→ **Problem**: For the copy, please give all of the data again exactly and leave the pictures out.
═══ Provided material
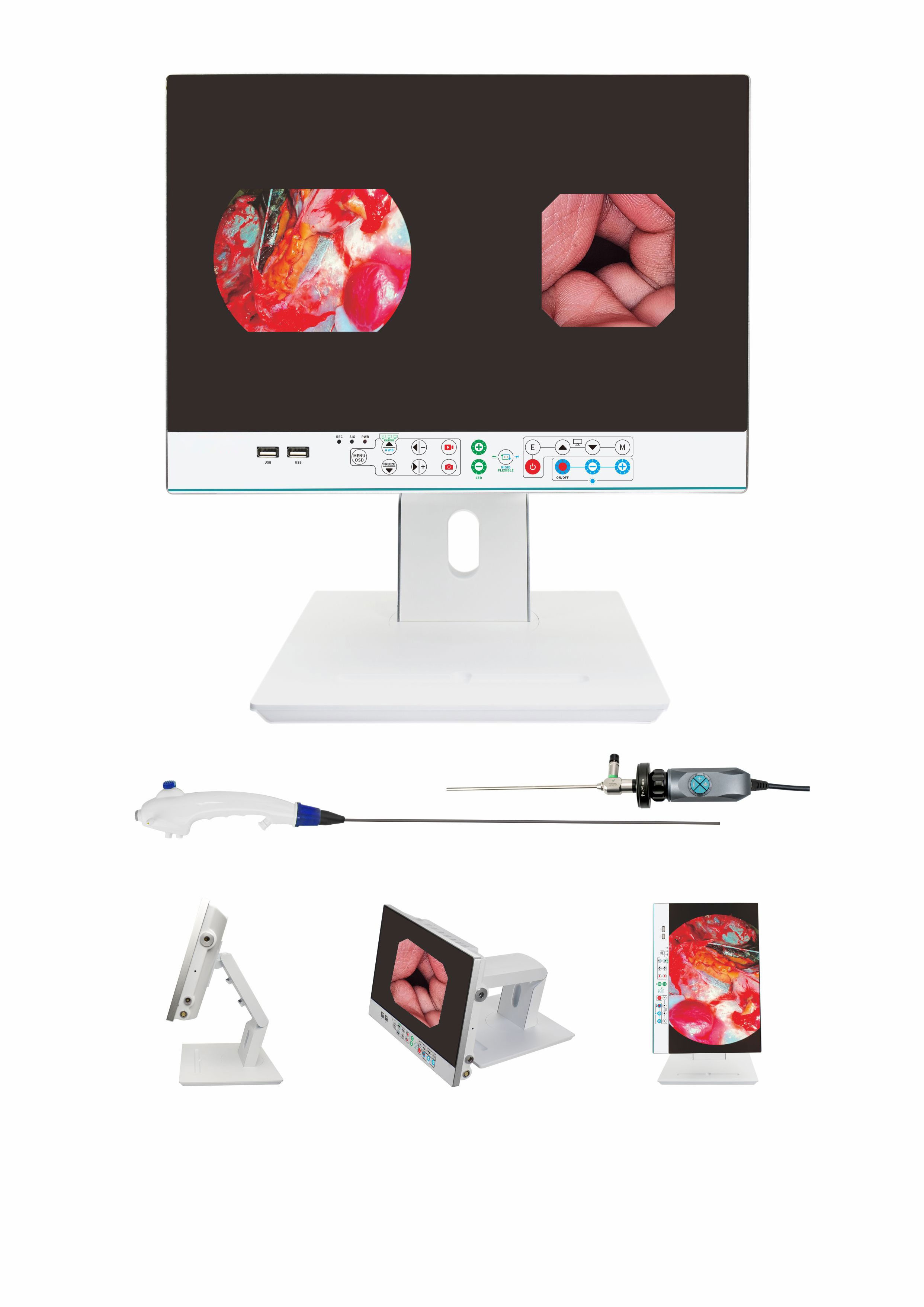 4K UHD LCD Monitor Medical Endoscopy Camera With Light Source USB Record For Laparoscope Spine Arthroscopy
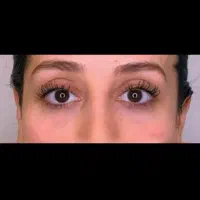 راهنمایی فیلر زیر چشم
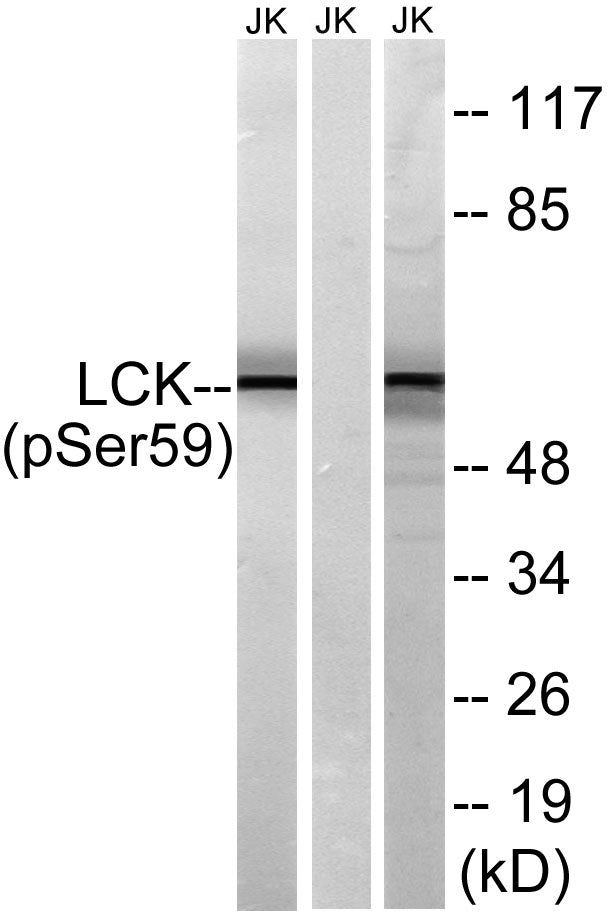 Lck (Phospho-Ser540) Colorimetric Cell-Based ELISA Kit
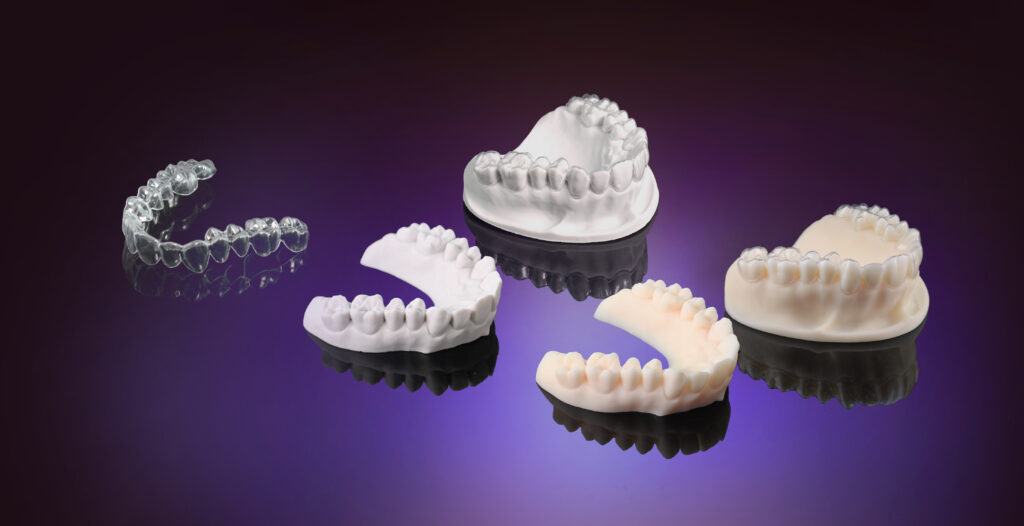 Printed Teeth Molds in Keystone Materials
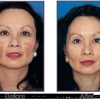 vivaMD Medical Spa & Weight Management gallery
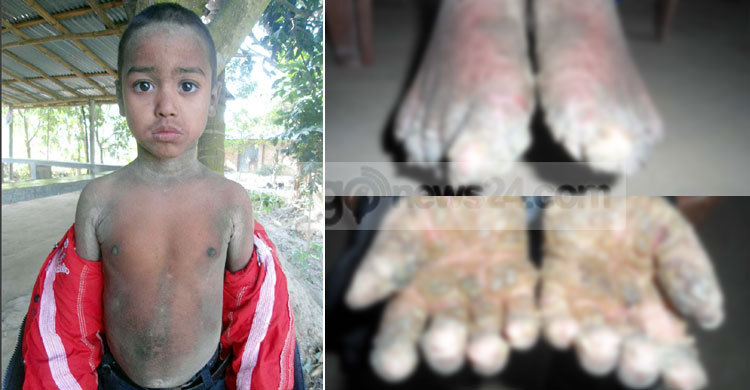 অজানা রোগে আক্রান্ত মেহেদী হাসান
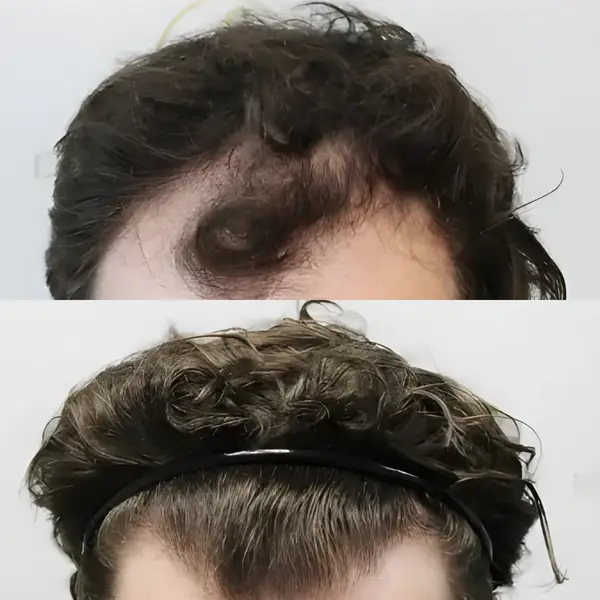 FUE receding hairline — 2,003 grafts / 3,939 hairs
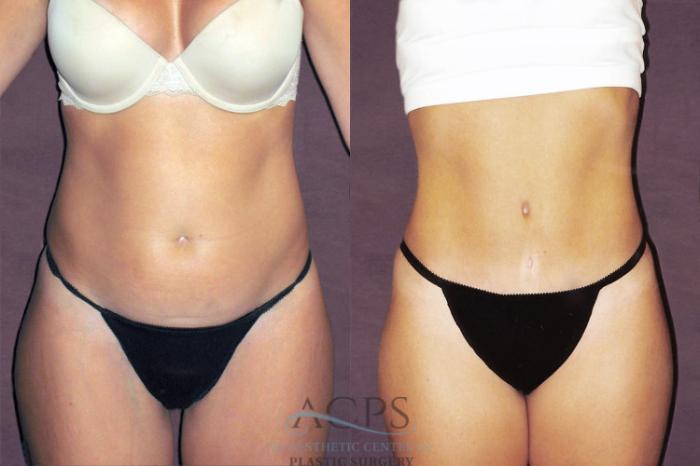 Before & After Tummy Tuck Case 163 Front View: View in Houston, TX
══════
→ **Exercise answer**:
 4K UHD LCD Monitor Medical Endoscopy Camera With Light Source USB Record For Laparoscope Spine Arthroscopy
 راهنمایی فیلر زیر چشم
 Lck (Phospho-Ser540) Colorimetric Cell-Based ELISA Kit
 Printed Teeth Molds in Keystone Materials
 vivaMD Medical Spa & Weight Management gallery
 অজানা রোগে আক্রান্ত মেহেদী হাসান
 FUE receding hairline — 2,003 grafts / 3,939 hairs
 Before & After Tummy Tuck Case 163 Front View: View in Houston, TX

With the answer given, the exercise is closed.